US Army efforts to put funding, freed by its cancellation of the Boeing Sikorsky RAH-66 Comanche, to good use by purchasing off-the-shelf scout and utility helicopters have not gone entirely smoothly.

Development and initial production costs of the Bell ARH-70A Arapaho have risen more than 50% as design changes have forced the armed reconnaissance helicopter further from its modest origins as a derivative of Bell's commercial Model 407.

In March, the US Army ordered Bell to stop work on the programme, citing cost and schedule overruns. In May, the service accepted a recovery plan submitted by the manufacturer.
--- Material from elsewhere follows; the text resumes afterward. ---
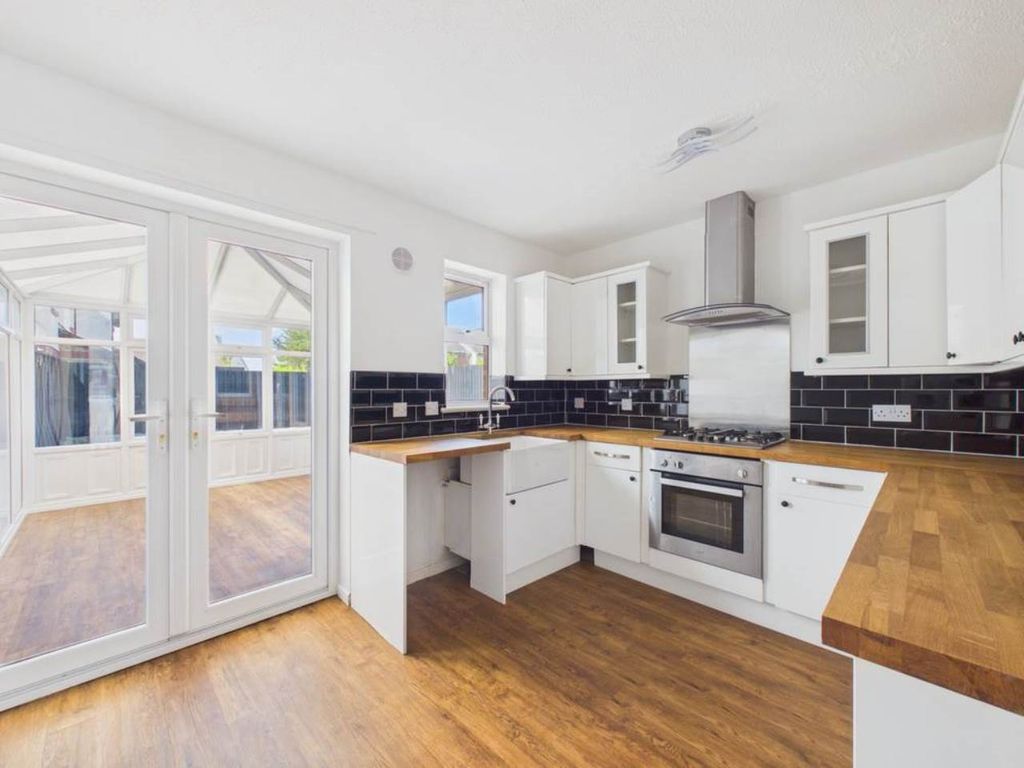 Property photo 2 of 10 Cam03572G0-Pr0055-Still003-Thumbnail-H750-70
Details of the restructured programme are still being negotiated.

Under the plan, the US Army will provide additional funding to extend development, delaying first production deliveries a year to 2009, and ARH-70 final assembly will be relocated from Mirabel, Canada to Fort Worth, Texas to reduce cost and risk.

Final details will depend on how much ARH funding a sceptical US Congress leaves intact in the 2008 defence budget. Procurement has been cut from 37 to 16 aircraft by the Senate, but the House of Representatives has eliminated all procurement funding.

While it waits for the fate of ARH funding to be decided by a joint House/Senate budget conference, Bell continues flight testing of three development ARH-70s and a company-owned test aircraft, which together have accumulated more than 800h.

Development aircraft are now powered by the uprated, 1,000shp (745kW) Honeywell HTS900-2 turboshaft planned for production helicopters and Bell says FLIR Systems has delivered two BriteStar II targeting sensors fully meeting the ARH requirements.

Integration of the gimballed sensor with the helicopter's Rockwell Collins CAAS common cockpit was a major source of the delays, and the availability of two fully compliant sensors was a prerequisite for entry into limited user testing by the army, now expected to begin before the end of the year using two of the development ARH-70s.

Although there remains a risk that Congress could force the cancellation or re-competition of the ARH programme, Bell has begun production work using its own funds to keep to the new schedule.

Originally, ARH-70s were to be manufactured at Bell's commercial helicopter plant near Montreal then flown to Fort Worth for missionisation. Under the restructured programme, airframes will be trucked to Fort Worth for final assembly.

The US Army says it needs the ARH because it must replace its ageing fleet of Bell OH-58D Kiowa Warriors, which are being flown up to 10 times the planned number of hours. It has increased the planned procurement to 512 aircraft, including ARH-70s for the Army National Guard.